В целом — это наиболее оригинальное, новаторское и гениальное произведение Берлиоза. Это подлинная «симфония с хорами» (и притом структурно совершенно иная, нежели девятая симфония Бетховена). Не удивительно, что ее новизна долгое время не была понята и оценена по достоинству. Даже Балакирев, относившийся к Берлиозу более чем сочувственно, писал Стасову: «Ромео» — скорее буффонада, нежели симфония, хотя там есть прелестное Scherzo feerique и еще кое-что, но вообще безобразно до смеху» (письмо от 14 июля 1861 года). Если так мог отзываться о «Ромео» чуткий и передовой музыкант, то легко представить, как восприняла симфонию рядовая музыкальная пресса.
Влияние «Ромео» на последующее развитие музыки было весьма значительно; в частности, Вагнер многим обязан «Ромео» в своем «Тристане». И если ныне это произведение менее популярно, нежели «Фантастическая симфония», то только потому, что постановка его требует громадного исполнительского аппарата. Вот почему всякое исполнение «Ромео» полностью — крупнейшее музыкальное событие.

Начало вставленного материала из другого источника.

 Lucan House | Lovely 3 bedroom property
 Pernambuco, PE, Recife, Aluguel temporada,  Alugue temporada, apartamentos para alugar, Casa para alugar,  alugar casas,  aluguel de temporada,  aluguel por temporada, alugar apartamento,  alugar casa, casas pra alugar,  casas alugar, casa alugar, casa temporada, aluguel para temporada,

«Тpауpно-тpиумфальная симфония» для большого военного (и симфонического с хором — по желанию) оркестра сочинена для перенесения праха жертв Июльской революции и освящения колонны на месте Бастилии в 1840 году. Это в высшей степени замечательное произведение Берлиоза, могущее быть причисленным к высшим созданиям революционной музыки прошлого.

В симфонии три части: грандиозный похоронный марш; надгробная речь, исполняемая тромбоном соло; заключительный апофеоз; о колоссальном составе оркестра и не менее колоссальной тембровой звучности — доминирующем факторе симфонии — мы писали выше. Сам Берлиоз говорит о ней следующее:
«Я хотел сначала напомнить о боях трех знаменитых дней (июльского восстания),— напомнить акцентами скорби похоронного марша, одновременно устрашающего и полного горести, исполняемого во время погребального шествия; затем произнести напутствие, «последнее прости» великим мертвецам, в минуту опускания гробов в монументальный склеп. А затем запеть гимн прославления, апофеоз, когда последний камень замурует гробницу и перед глазами народа вознесется колонна свободы с распростертыми крыльями, устремленная ввысь, словно души тех, кто умерли за нее».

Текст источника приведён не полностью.